Key Insights:
- The attackers were able to mint 1 billion fake tokens through Polkadot bridge exploit with low liquidity, making the attack only profitable to the tune of 237K.
- In the global scene, cross-chain bridge vulnerabilities have contributed a greater percentage of 60% to overall crypto hack losses.
- The largest vulnerabilities in bridge infrastructure are weak validation logic and flaws in the administration controls.
Following an attack on a cross-chain bridge connected to Ethereum, Polkadot found itself in the middle of a big adventure. The attack gave the opportunity to mint almost 1 billion DOT tokens with bridges in several minutes. The attacker soon resold the newly generated supply through decentralized exchanges, earning him around 108.2 ETH, which was worth around $237,000.
The damage was contained to a great extent, given the shallow liquidity conditions, even though the mint was massive. The price of the bridged token plummeted to fractions of a cent nearly immediately after being around $1.22. Notably, the Polkadot native relay chain was not compromised and it was not affected by the incident.

Hackers use gateway validation weakness mechanism.
The attack was based on a bug in the Ethereum gateway contract validation logic at Hyperbridge. Attackers provided a forged cross-chain message, which evaded important verification in the system. This message was accepted as valid and it was passed on to the token gateway contract.

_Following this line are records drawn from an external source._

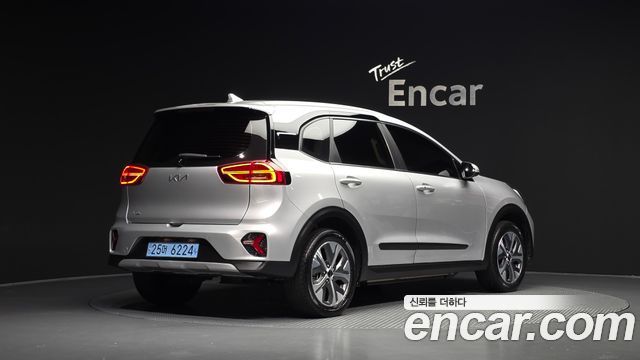 Kia Niro Air — пробег 65 629 км — фото 2 из 5
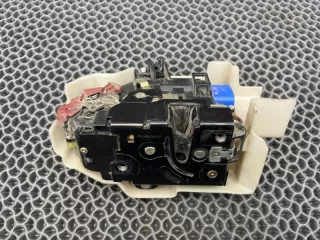 95553101501 Замок двери Porsche Cayenne 955 Арт 2-905548, вид 4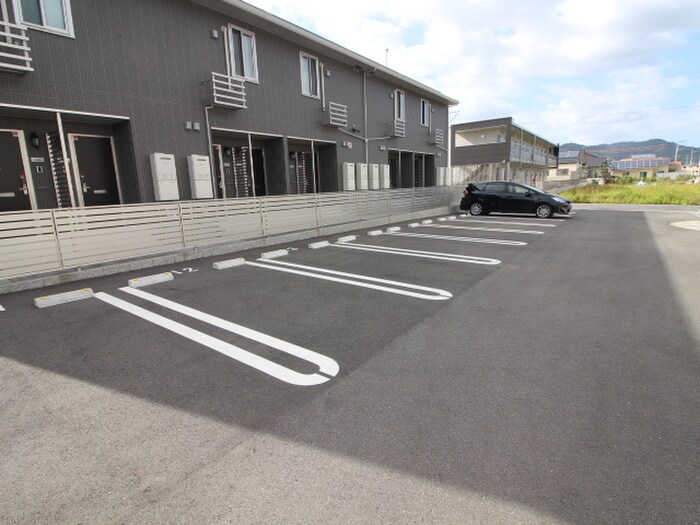 物件外観写真2　(駐車場)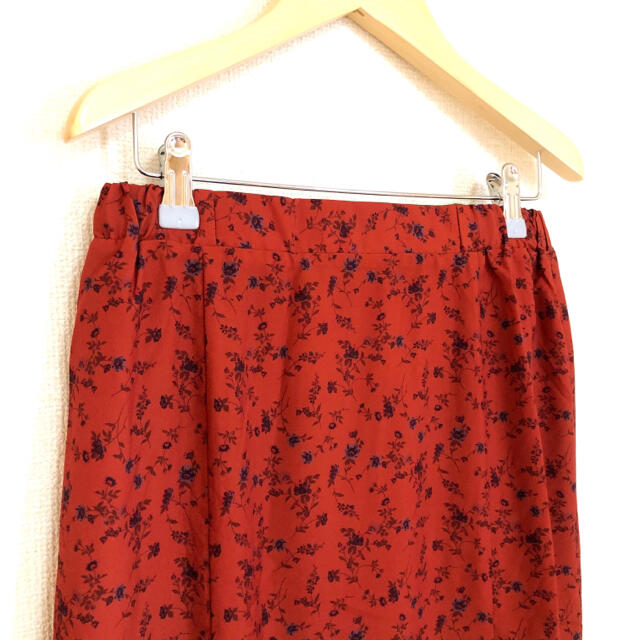 moussy(マウジー)の【未使用】マウジー レディース ロングスカート マーメイド 赤 レッド 花柄 S レディースのスカート(ロングスカート)の商品写真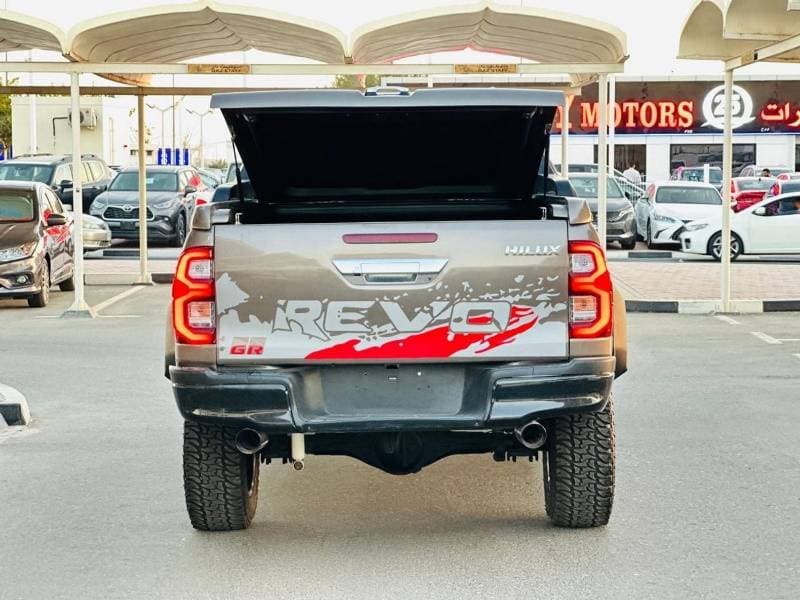 2020 Toyota Hilux ADVENTURE thumbnail 7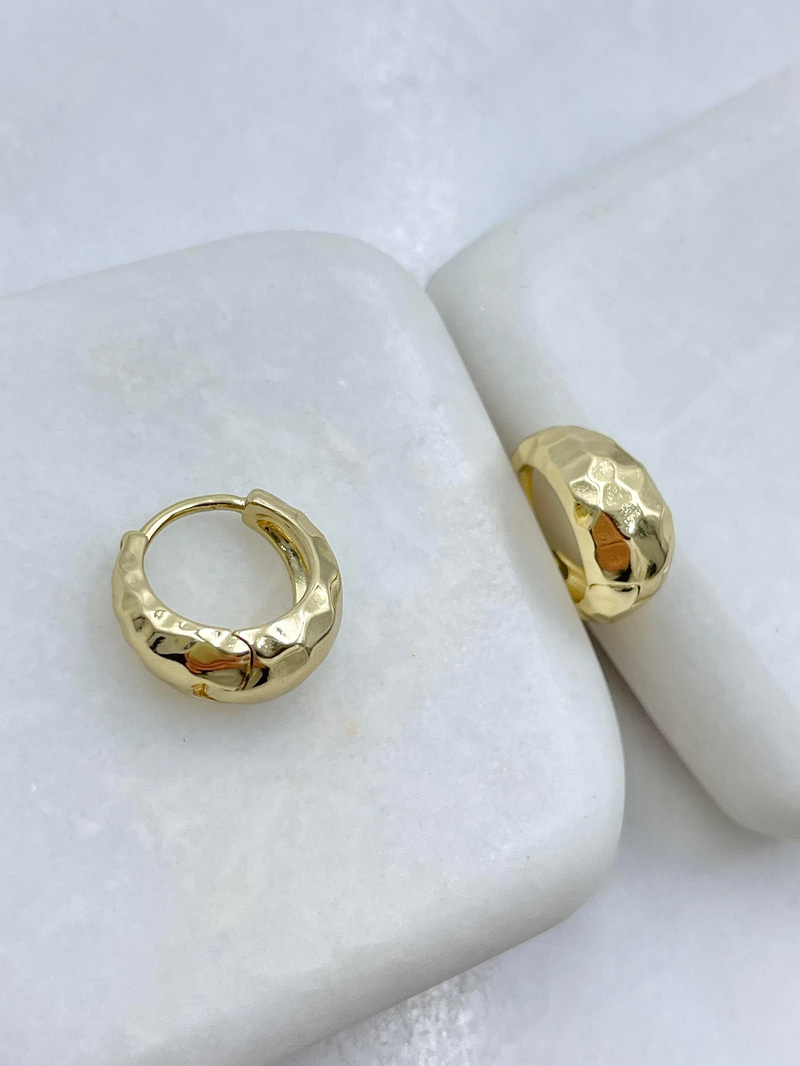 Özel Seri Yansımalı Bombe Küpe Gold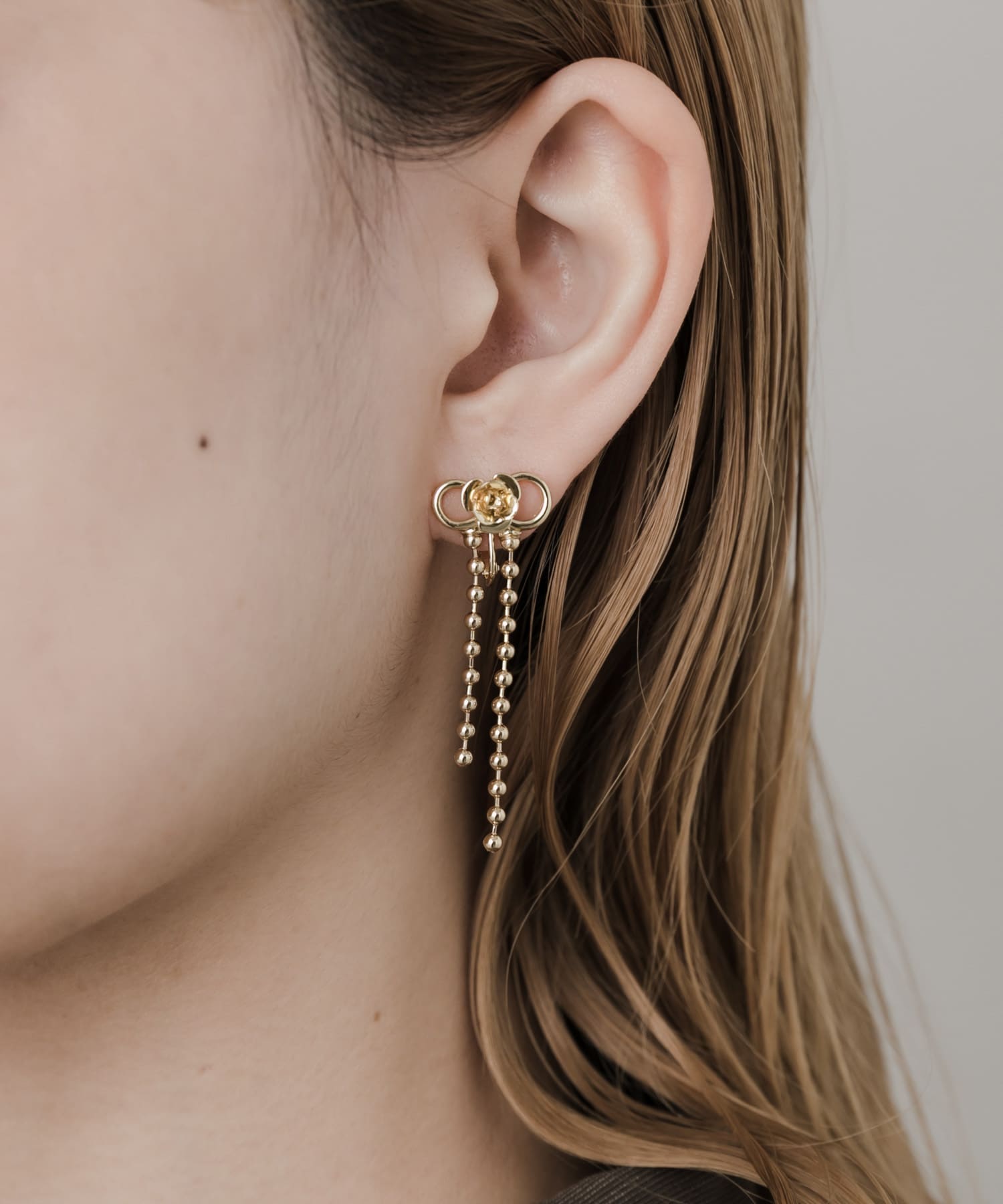 ローズリボンボールチェーンイヤリング GLD -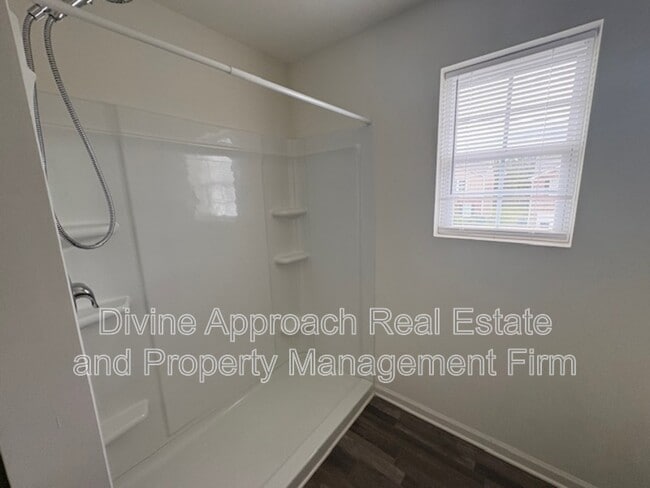 Building Photo - 1609 U W Clemon Dr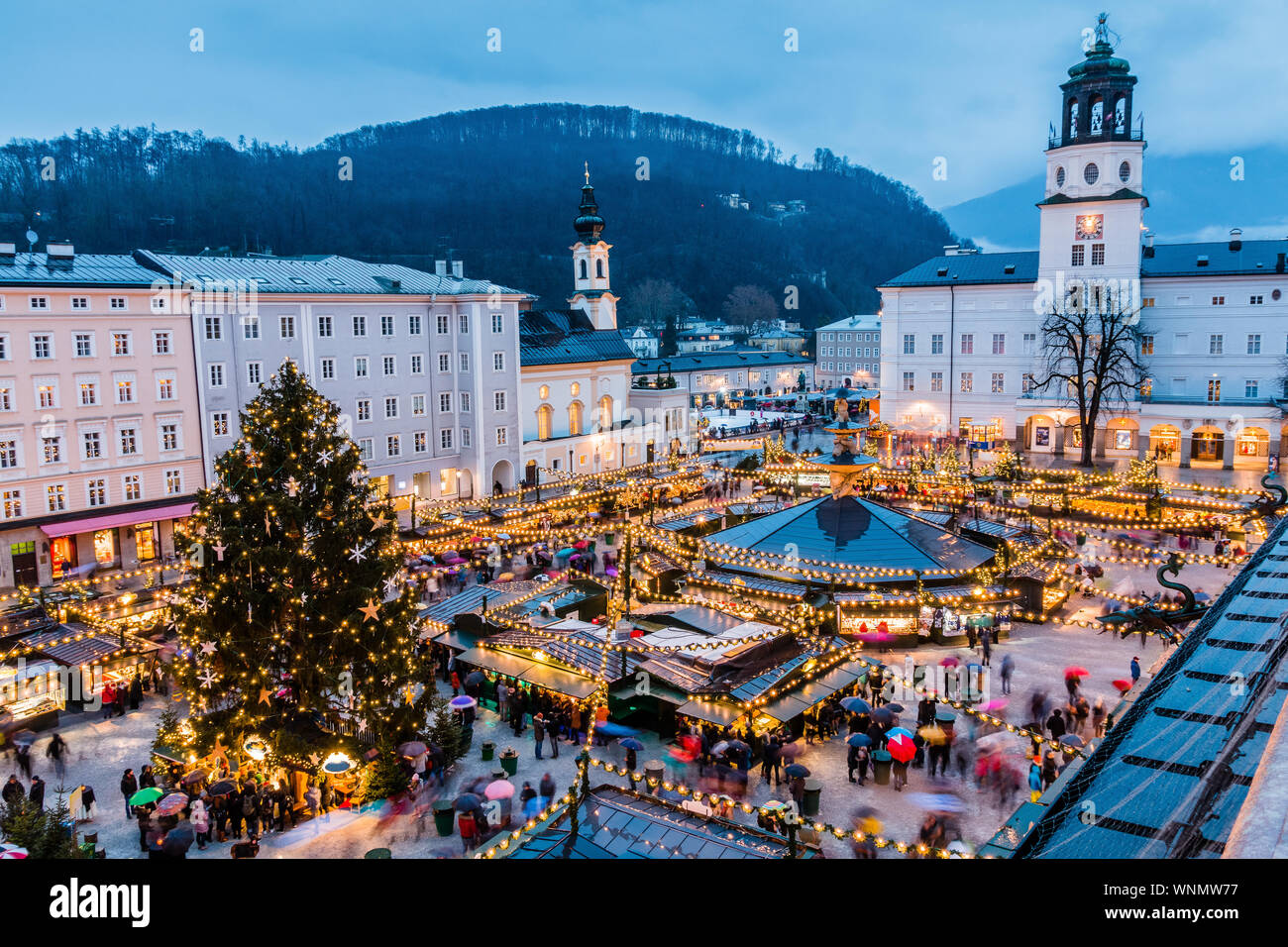 Salzburg, Österreich. Weihnachtsmarkt in der Altstadt von Salzburg. Stockfoto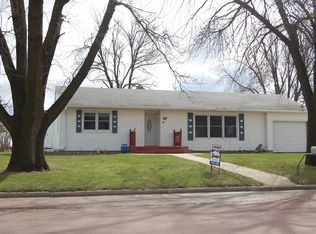 216 N Front St, Okabena, MN 56161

After being accepted, the malicious instruction implemented an administrative change of the bridged token contract. This practically gave the full minting control to the address of the attacker without the activation of safeguards. The attacker minted the whole 1 billion tokens supply in one transaction with admin privileges obtained.
Bridge vulnerability does not impact polkadot ecosystem.

The protocol or consensus level compromise of Polkadot was not directly affected during the exploit. The issue was only in the Ethereum-side infrastructure that dealt with representations of bridged tokens. Consequently, indigenous DOT provisioning and on-chain business were not impacted.
Nevertheless, the event caused precautionary measures in the wider ecosystem and the interactions. Exchanges like the Upbit and Bithumb have temporarily shut down DOT deposits and withdrawals to prevent misunderstanding. On the one hand, Polkadot experienced only moderate increases and decreases, however, the overall mood towards cross-chain security was short-lived.
Cash shortage cripples dump profits.
The dynamic of liquidity was critical in curtailing the financial benefit of the exploit by the attacker. The DOT liquidity pools based on Ethereum did not have deep enough liquidity to handle the huge influx of tokens. Consequently, the attacker experienced extreme slippage when it came to executing the sell-offs transactions.
In spite of the 1 billion tokens to be minted, the value achieved was pegged at about $237,000. On-chain data of various analytics companies proved that the tokens were directed to DEX aggregators towards DOT-ETH pools. What would have been a far greater loss in deeper markets would have been the same exploit.
Increasing bridge exploits highlight the continuing security threats.
This attack is part of an increasing trend of cross-chain bridge attacks that have been witnessed in 2026. The previous incidents are the $4.3 million exploit of itube and a breach of $25 million with Resolv Labs. These attacks are commonly based on the administrative controls or validation of bridge infrastructure.
Bridge failures have emerged as the largest portion of all crypto hack losses, with a figure of more than 60% according to blockchain analytics data. Such exploits have already cost the industry more than $2 billion in cumulative damages. The incident involving Polkadot supports the continued consideration of the message verification and central control points in bridging systems.
Security firms, such as PeckShield and CertiK, noted that the exploit used was a well-known infinity mint attack. The low validation enabled the attackers to create authenticity and take control of the token issuing systems. With the growing interoperability across chains, it is a top priority among developers and auditors to secure these systems.